II. - L'armateur des navires battant pavillon français désigne parmi son personnel un agent de sûreté du navire. L'agent de sûreté du navire est chargé en mer comme au port, sous l'autorité du capitaine, de la mise en œuvre des mesures de sûreté à bord du navire. Il coordonne cette mise en œuvre avec l'agent de sûreté de la compagnie et l'agent de sûreté de l'installation. Les dispositions liées à la formation de cet agent sont publiées par arrêté.
III. - La désignation en qualité d'agent de sûreté d'un navire ou en qualité d'agent de sûreté de la compagnie est subordonnée à la possession d'un agrément délivré par le préfet.
L'agrément d'agent de sûreté de la compagnie ou de navire est valable sur l'ensemble du territoire national. Il ouvre les mêmes droits que l'habilitation mentionnée à l'article R. 5332-39 du code des transports. Il est demandé par l'armateur, qui établit pour chaque agent un dossier dont la composition et les modalités de transmission sont fixées par un arrêté conjoint des ministres de la justice, de l'intérieur et de la défense et des ministres chargé de la mer et chargé des douanes. Ce même arrêté définit la procédure d'agrément. L'agrément est délivré, à l'issue d'une enquête administrative, pour une durée qui ne peut excéder cinq ans.

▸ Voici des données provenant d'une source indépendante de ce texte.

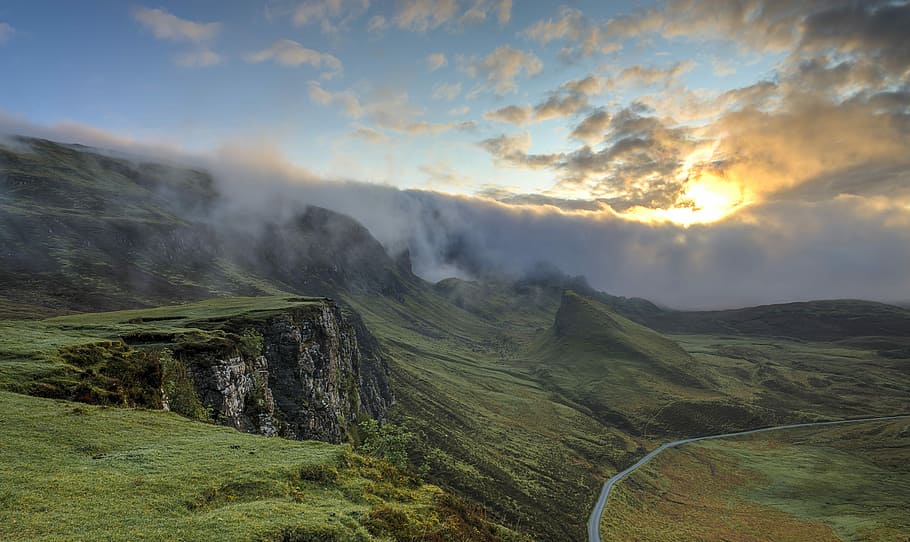 foggy mountain summit, rolling hill at golden hour, cloud, mist HD wallpaper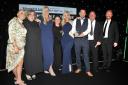 Qube Learning collect the Social Mobility Award. Its head of pre-employment, Paul Taylor, is pictured third from right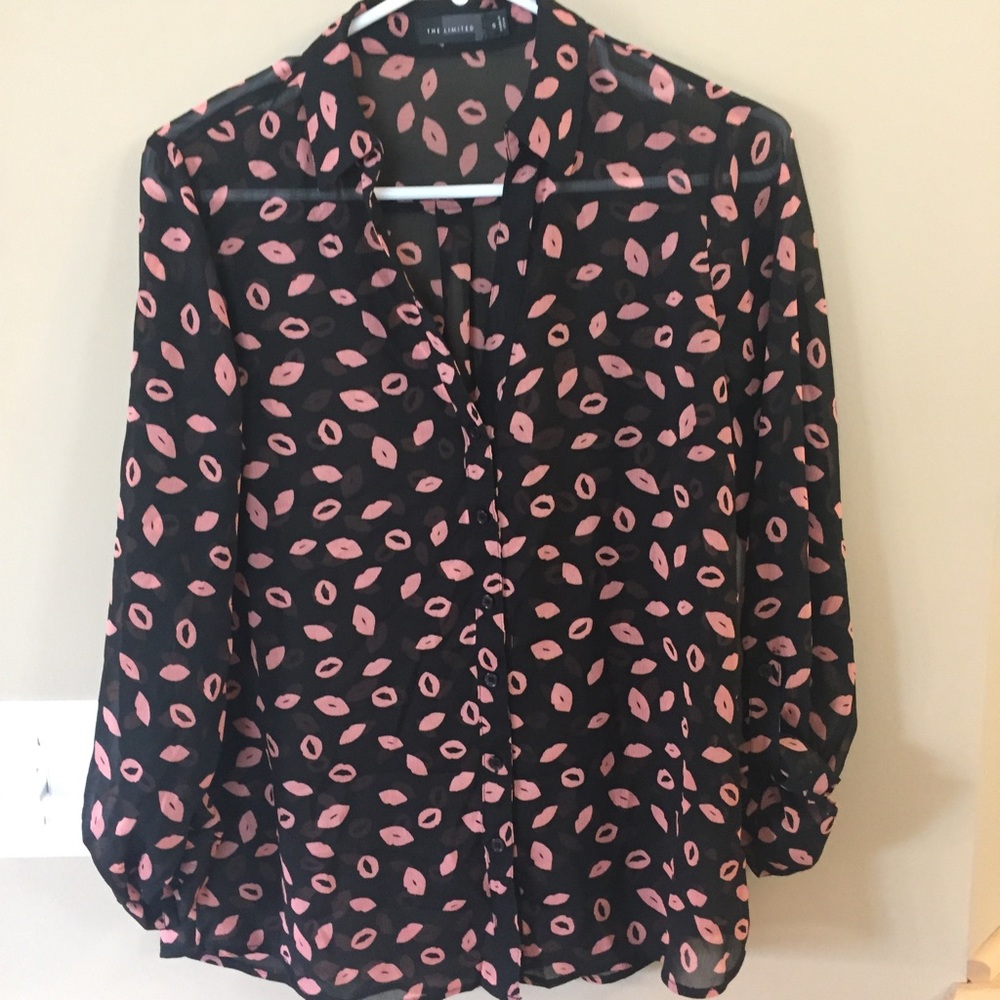 The Limited silky button down top with lip print!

L'agrément ne peut être accordé en cas de condamnation criminelle ou correctionnelle incompatible avec les fonctions à exercer. Le préfet s'assure du respect de cette condition en demandant communication du bulletin n° 2 du casier judiciaire au Casier judiciaire national automatisé par un moyen de télécommunication sécurisé ou de son équivalent, s'agissant des ressortissants étrangers, auprès du casier judiciaire de l'Etat de nationalité selon les dispositions des conventions internationales en vigueur.
L'agrément peut être refusé, retiré ou suspendu par le préfet lorsque la moralité ou le comportement de l'intéressé ne présentent pas les garanties requises au regard de la sûreté de l'Etat, de la sécurité publique, de la sécurité des personnes, de l'ordre public ou sont incompatibles avec l'exercice d'une des fonctions prévues ci-dessus.
Lorsque les conditions de sa délivrance ne sont plus réunies, l'agrément est retiré par le préfet, après que l'intéressé a été mis à même de présenter des observations.
En cas d'urgence, l'agrément peut être suspendu sans préavis par le préfet pour une durée maximale de deux mois.
Les décisions d'agrément et celles de retrait ou de suspension d'agrément sont notifiées à l'intéressé. En cas de retrait, l'armateur procède à la désignation d'un nouvel agent de sûreté. Il en est de même en cas de suspension, pour la durée de celle-ci.
Les fonctions d'agent de sûreté prennent fin lorsque l'une des conditions d'exercice n'est plus remplie. Afin d'assurer la permanence des fonctions, l'armateur de navires peut désigner un ou plusieurs suppléants qui sont agréés dans les mêmes conditions que l'agent de sûreté titulaire.